Apprenant son décès, Bertolucci avait affirmé qu’il aurait « voulu (lui) demander pardon ». « Maria m’accusait d’avoir volé sa jeunesse et aujourd’hui seulement je me demande si ce n’était pas en partie vrai. En réalité, elle était trop jeune pour pouvoir soutenir l’impact qu’a eu l’imprévisible et brutal succès du film », avait-il suggéré.

En décembre 2016, la polémique rebondit: une vidéo datant de 2013 resurgit sur les réseaux sociaux et fait scandale à Hollywood. « La séquence du beurre est une idée que j’ai eue avec Marlon la veille du tournage. Je voulais que Maria réagisse, qu’elle soit humiliée », y relate le réalisateur. « Je ne voulais pas qu’elle joue la rage, je voulais qu’elle ressente la rage et l’humiliation. »

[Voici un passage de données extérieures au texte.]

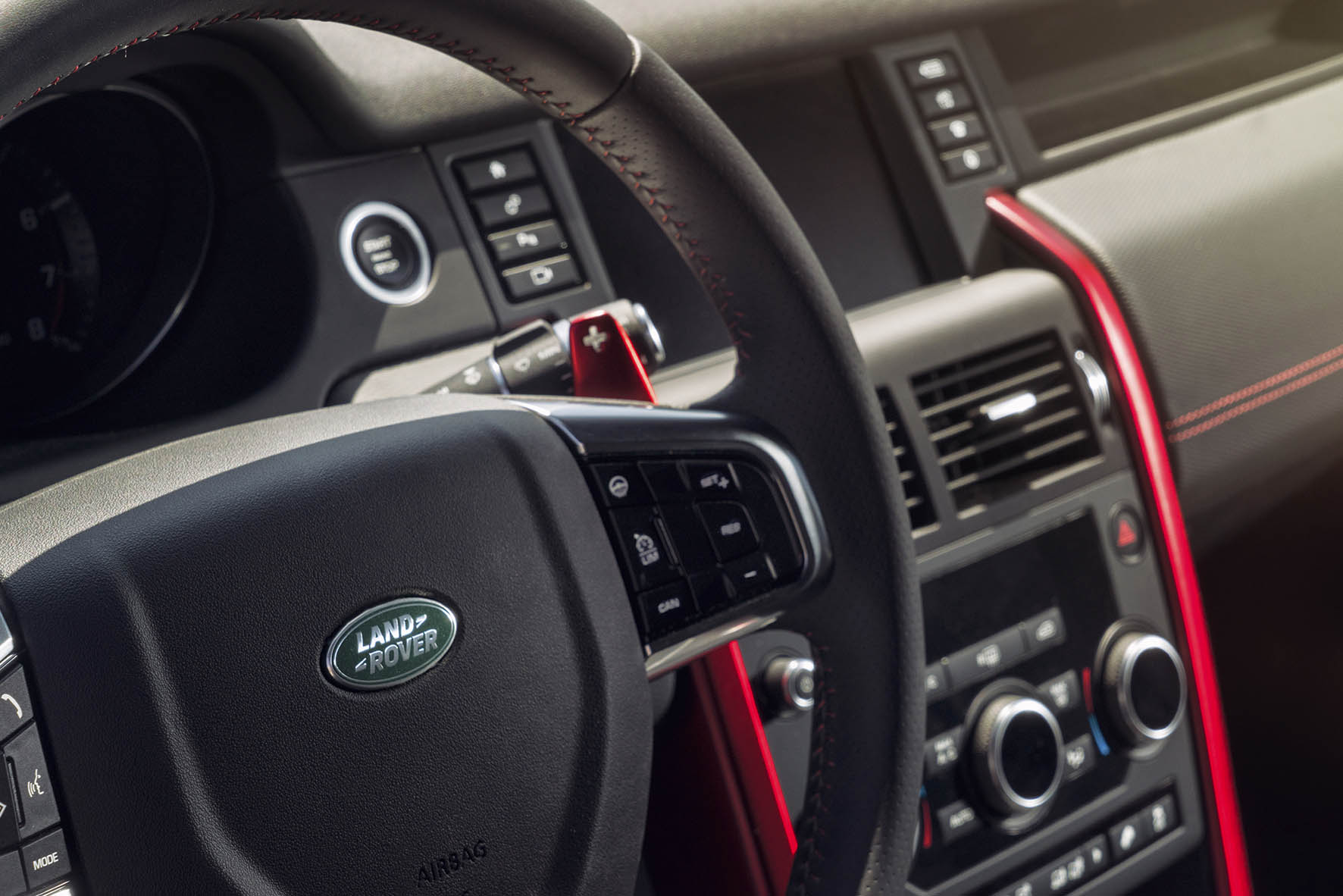 Voor modeljaar 2016 introduceert Land Rover de Discovery Sport Dynamic, evenals de nieuwe eD4 dieselmotor en ATPC.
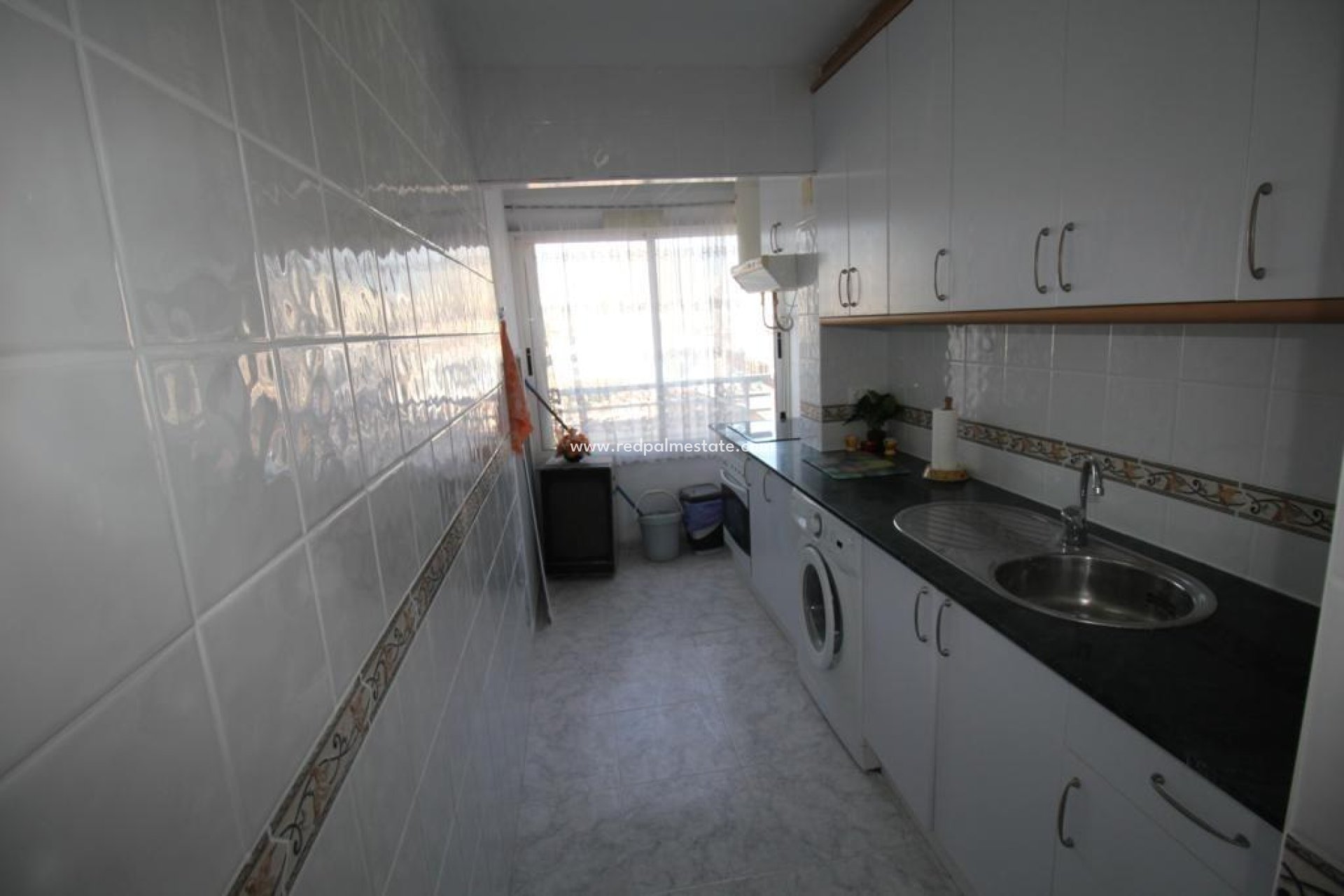 Resale - Flat -
Torrevieja - Paseo maritimo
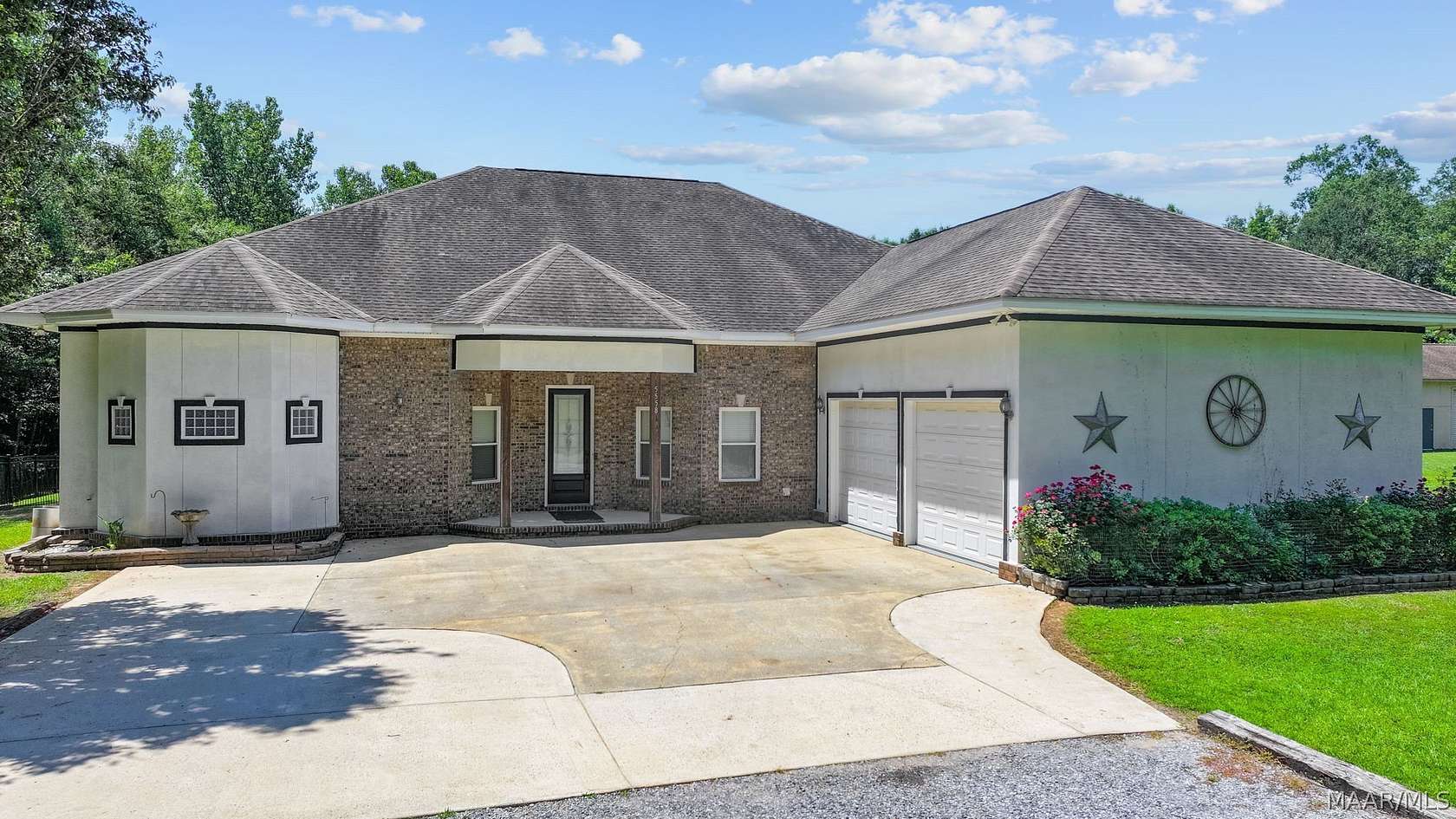 6 Acres of Land with Home for Sale in Hope Hull, Alabama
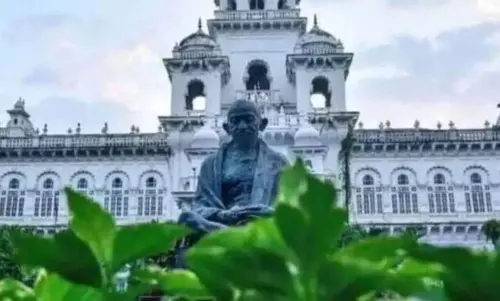 मूसी नदी पुनरुद्धार परियोजना को लेकर BRS ने तेलंगाना विधानसभा से वॉकआउट किया मूसी नदी पुनरुद्धार परियोजना को लेकर BRS ने तेलंगाना विधानसभा से वॉकआउट किया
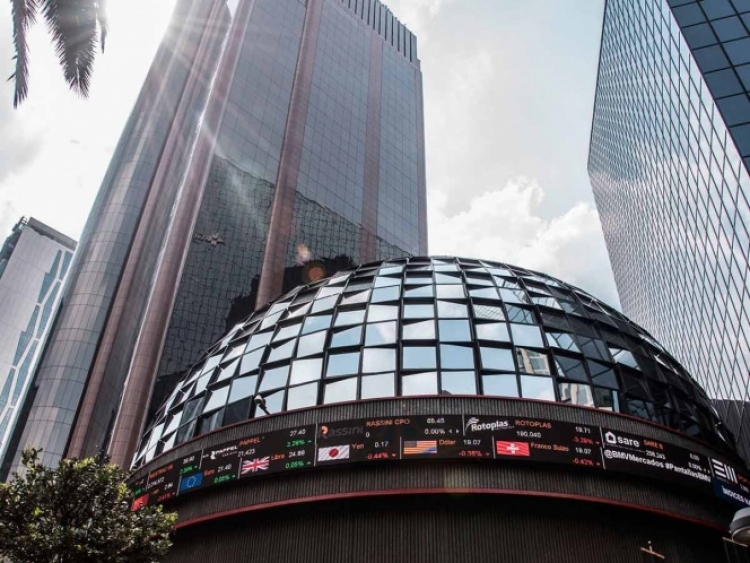 Bolsa Mexicana comienza el d&iacute;a con una ca&iacute;da de 2.22%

« A tous ceux qui ont aimé le film, vous êtes en train de regarder une jeune fille de 19 ans en train d’être violée par un homme de 48 ans. Le réalisateur a planifié l’agression. Ça me rend malade », avait notamment écrit sur Twitter l’actrice Jessica Chastain, très engagée pour la cause des femmes et ensuite dans le mouvement Time’s up. Aux Etats-Unis, la polémique enfle, moins d’un an avant l’affaire Weinstein et les révélations sur les agressions sexuelles subies par de nombreuses actrices. Poussant le réalisateur à se justifier une nouvelle fois, en jugeant notamment « désolant » la naïveté de ceux qui ne savent pas que « le sexe est (presque) toujours simulé au cinéma ».